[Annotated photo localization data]

▬▬▬▬▬▬

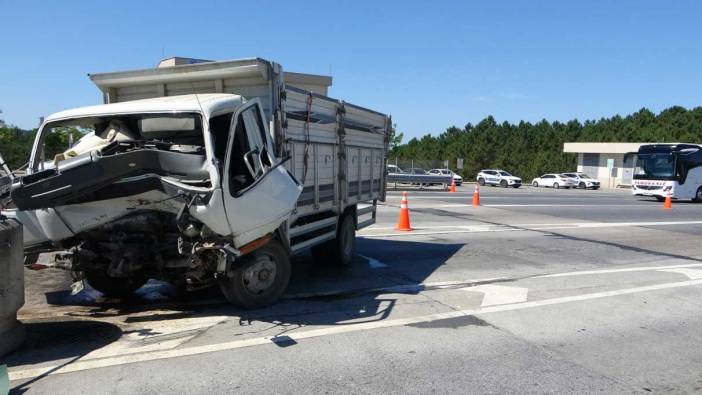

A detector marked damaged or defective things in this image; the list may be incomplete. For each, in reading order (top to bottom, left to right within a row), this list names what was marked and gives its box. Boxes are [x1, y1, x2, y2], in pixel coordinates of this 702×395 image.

severely damaged truck [0, 57, 394, 308]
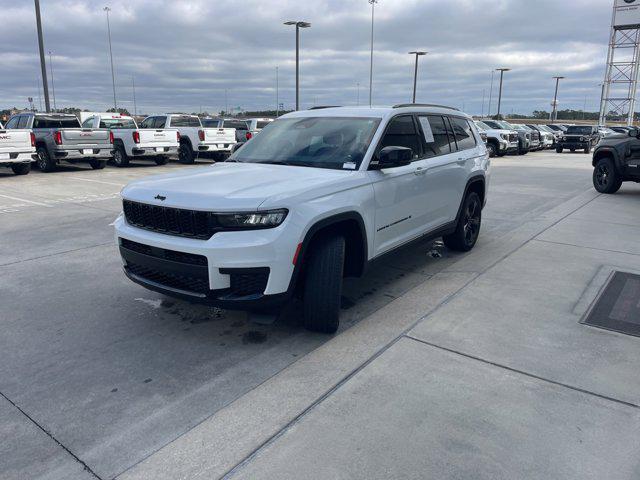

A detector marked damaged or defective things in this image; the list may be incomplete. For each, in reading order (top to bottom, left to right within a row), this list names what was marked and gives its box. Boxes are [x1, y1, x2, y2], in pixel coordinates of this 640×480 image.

pavement crack [404, 334, 640, 408]
pavement crack [0, 392, 102, 478]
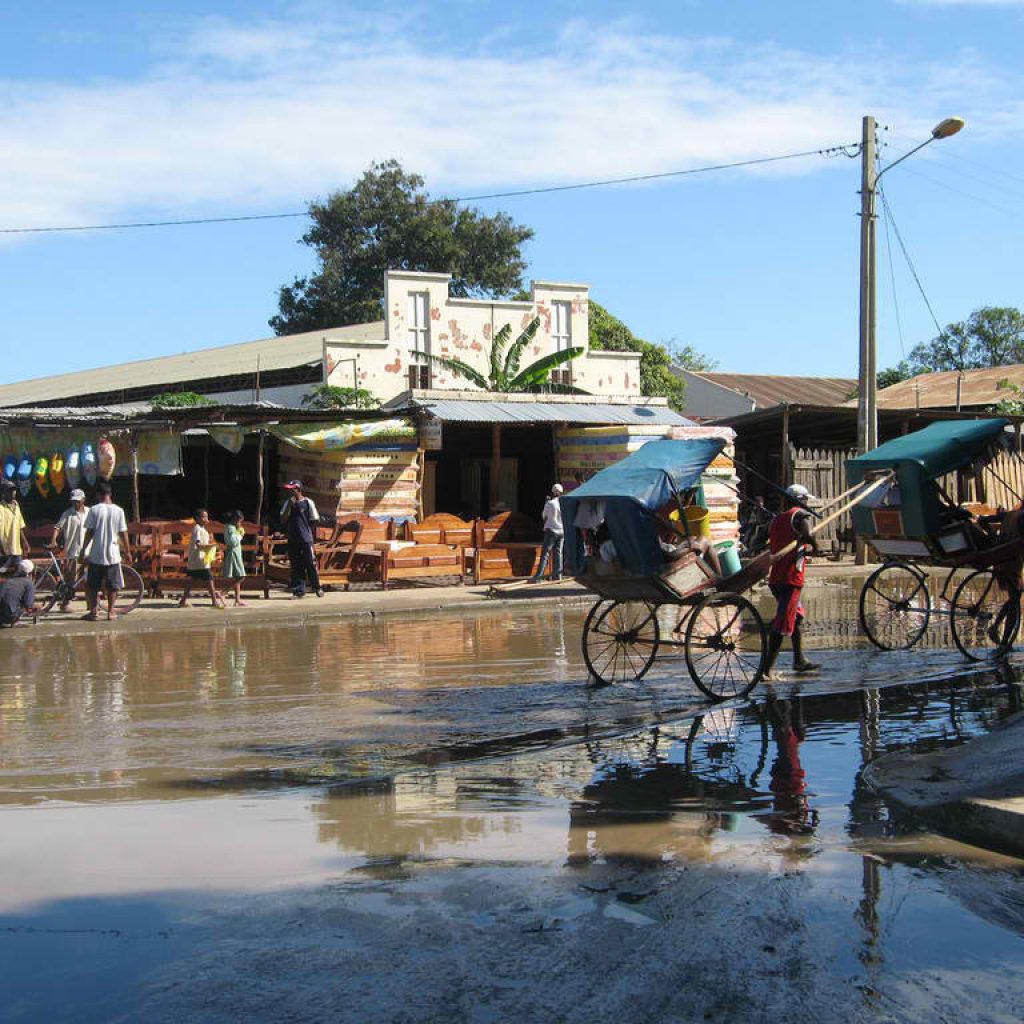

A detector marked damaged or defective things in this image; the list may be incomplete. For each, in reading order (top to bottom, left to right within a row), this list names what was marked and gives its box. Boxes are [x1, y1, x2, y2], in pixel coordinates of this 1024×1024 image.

rusty metal roof [696, 374, 856, 409]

▬▬▬▬▬▬

> _EXERCISE REQUIREMENTS_: Exact retyping is required: the line with "this 1024×1024 image." through the end of the data, both ends included, and no other line.

> _WORKED SOLUTION_:
A detector marked damaged or defective things in this image; the list may be incomplete. For each, in reading order (top to bottom, left to right within a row), this list names what was marked and gives its box. Boxes are [x1, y1, x2, y2], in pixel coordinates of this 1024×1024 image.

rusty metal roof [696, 374, 856, 409]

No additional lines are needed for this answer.